We need to inoculate individuals against harmful memes. Studies on misinformation show that individuals exposed to a “weaker” version of an idea can build up resistance to that meme. So that when they are exposed to it, they are less likely to adopt and spread it widely. We should be teaching people about the types of memes that play on their built-in biases to trigger emotional responses that are unhelpful to their personal goals – panic, fear, hate, depression, etc.

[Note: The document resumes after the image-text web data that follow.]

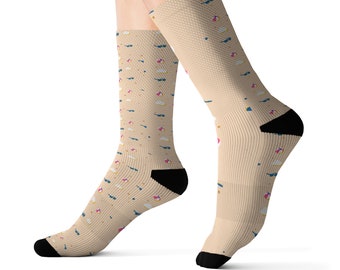 Calzini con stampa a sublimazione: misto poliestere e spandex unisex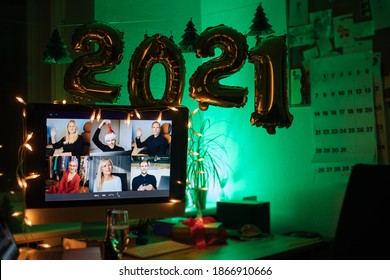 Virtual Christmas New Year's Meeting Team Teleworking. Family Video Call Remote Conference. Laptop Screen View. 2021 Meet Working From Their Home Offices. Happy Hour Party Online Woman Team Diversity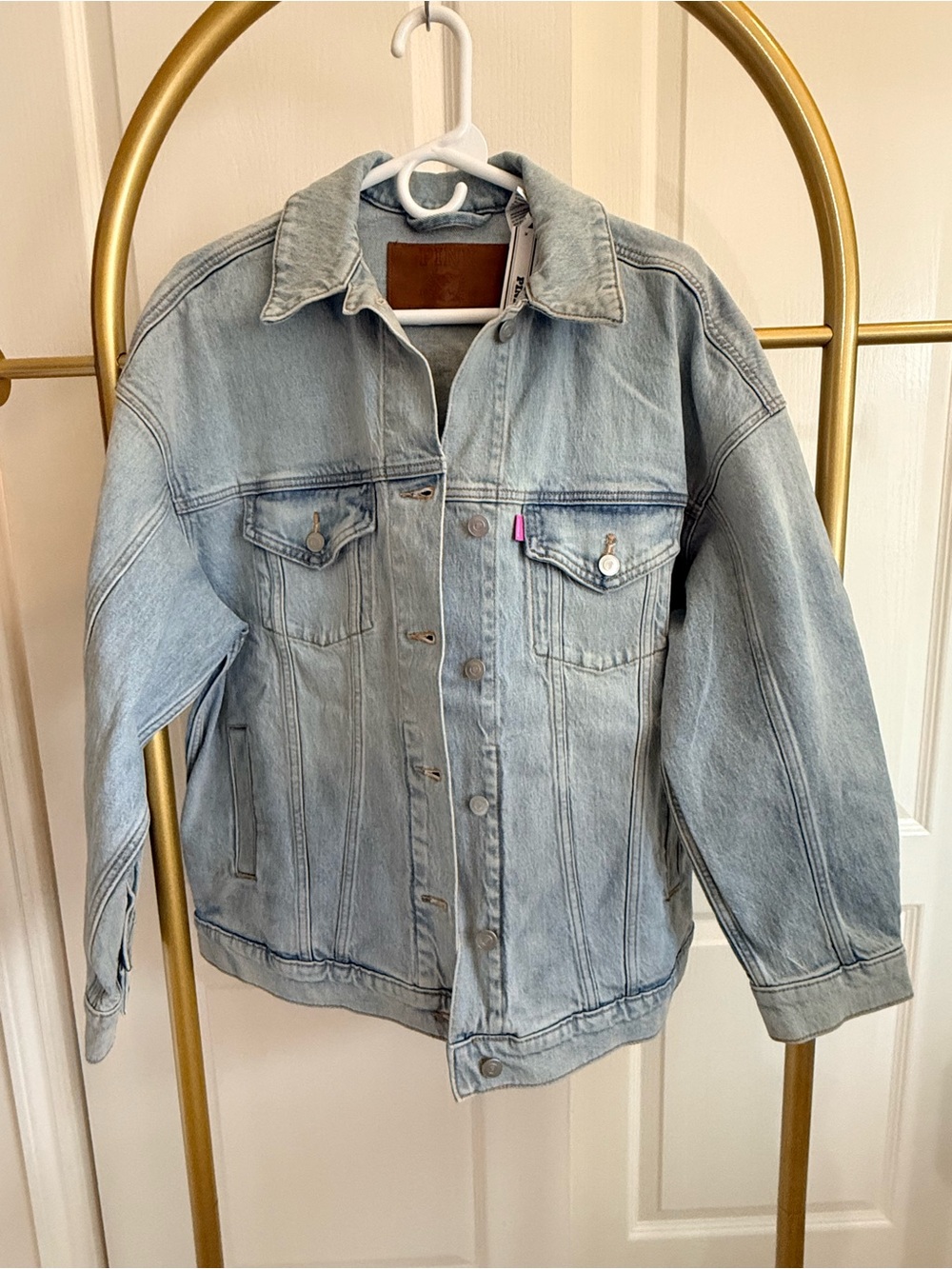 Light Wash Denim Jacket by PINK- Oversized-Boyfriend style for women - size smal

We also need to consider when it might be helpful to implement a variety of circuit breakers in our system. Today, when the stock market falls rapidly, circuit-breakers are triggered that temporarily suspend trading. Individuals remain in control of their equities, and they can begin trading again after a pause. But a “circuit breaker” response to overheating memes that temporarily restricts or delays sharing, could prove helpful for breaking panic loops that trigger things like bank runs. (Though admittedly, this capacity has a great risk of being abused).
Finally, we might look to our ancestors.
They understood that one of the best systems for confronting dangerous new ecosystems was to band together. Tribes are an evolutionary adaptation so that humans can cooperate to put a stop to threats. But our modes of cooperation are often slow and involve too much counterparty risk. For example, during the bank run, many VCs tweeted about standing by SVB, but without the ability to credibly organize, each had to fear that another VC would defect and they would be left holding the bag. Smart contracts – with their ability to create self-enforcing mechanisms for cooperation online – should fix this by enabling these banks to coordinate and credibly commit, in immutable code, to stand together if sufficient thresholds are met.
Then, whatever memes may come in our new world – whether they make us dance, make us depressed or make us withdraw all our money from the bank – we can at least have a fighting chance to do what us humans have always done: work together to survive.